La TVA carbone est-elle compatible avec l'OMC ?

Le protocole de Kyoto ne sera pas renouvelé. Les sommets de Copenhage et de Cancun ont échoué. Il faut redoubler de créativité pour faire avancer l'économie dans le bon sens tout en jouant avec les contraintes que se sont imposés les pays dans l'ère de la mondialisation.

Voici une nouvelle idée qui apporte une partie de la solution à deux problèmes majeures

  • les émissions de gaz carboninique qui ne cessent d'augmenter partout dans le monde
  • l'industrie chinoise qui a tué en l'espace de 15 ans l'essentiel des industries de bases dans les pays européens et qui génère de fortes émissions de CO2 non seulement au moment de la fabrication des produits, mais aussi au moment de leur transport.

La solution que j'ai envisagée et un dispositif qui aurait les mêmes effets bénéfiques que la taxe carbone et la TVA sociale réunies.

Il s'agit de la TVA carbone

Le principe

Diviser la TVA à 19,6% en deux parties:

  • une TVA ordinaire à 10%
  • une TVA carbone qui se base sur les émissions de CO2 liées à la fourniture d'un produit ou d'un service incluant les frais de fabrication et de transport du produits ou du service.
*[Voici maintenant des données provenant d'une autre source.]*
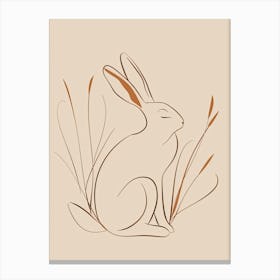 Rabbit - Boho, Line Art 3 Canvas Print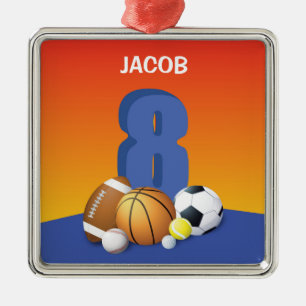 Junge 8. Geburtstag Sportbälle Ornament Aus Metall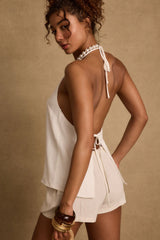 Clear Breeze White Tie Linen Top
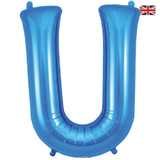 34 inch Oaktree Blue Letter U Foil Balloon (1)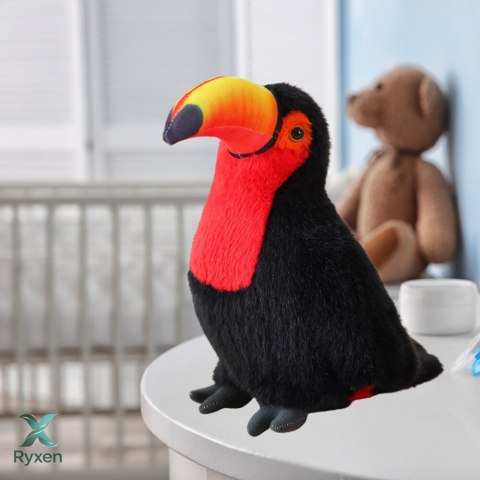 Pluszowy Ptak Tukan Pluszak Maskotka Przytulanka Czerwony 20cm LEAN TOYS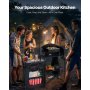 VEVOR Camping Kitchen Table Portable Outdoor Cook Station Storage Aluminum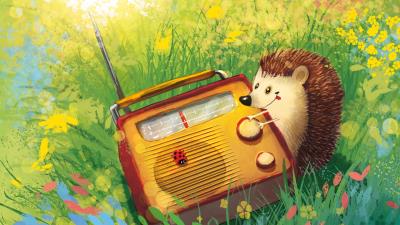 Hedgehog radio grass 4k wallpaper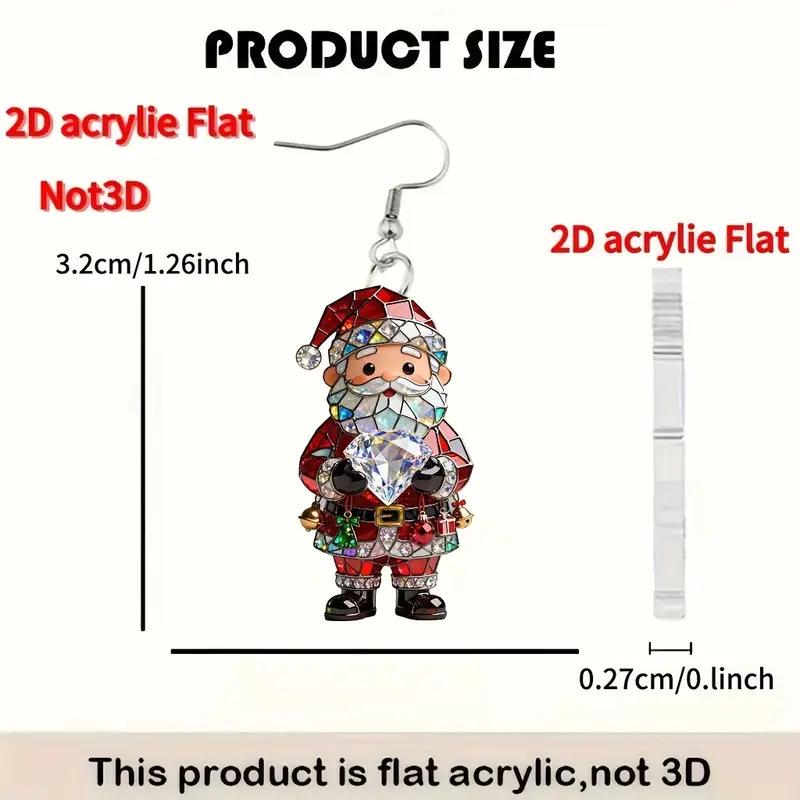Новые акриловые серьги Санта-Клаус - Украшения для рождественской вечеринки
Son montant serait compris entre 15% et 25%, avec une moyenne à 20%

Cette TVA favoriserait sans que cela ne coute quoique ce soit à l'état Français, les industries françaises pour deux raisons:

  • elle serait favorable à l'ensemble des entreprise industrielles françaises car elle pénaliserait les importations provenant de l'autre bout du monde fortement génératrice de CO2 en raison des distances parcourues par les produits,
  • elle serait favorable aux industries propres

Pour que la TVA carbone puisse être mises en place, il faut rendre obligatoire la tracabilité des produits et obliger les entreprises à rendre obligatoire la réalisation d'un bilan carbone précis, produit par produit et d'afficher la plus grande transparence sur l'origine de leurs produits.

Impact sur le budget:

La TVA classique à 19,6% en moyenne a rapporté 126 milliards d'euros en 2010 à l'état français

Le nouveau dispositif rapporterait la même chose

  • 63 milliards grâce à la TVA classique
  • 63 milliards grâce à la TVA carbone

Impact social

  • Le prix de certains produits augmenterait globalement (aliments transformés, meubles premier prix, textiles premier prix, fruits et légumes produits à l'étranger...)
  • Les prix d'autres produits (électronique grand public, automobile,...) ne varierait pas
  • Les prix de certains produits baisserait (le prix des fruits et légumes produits en France baisserait, par exemple).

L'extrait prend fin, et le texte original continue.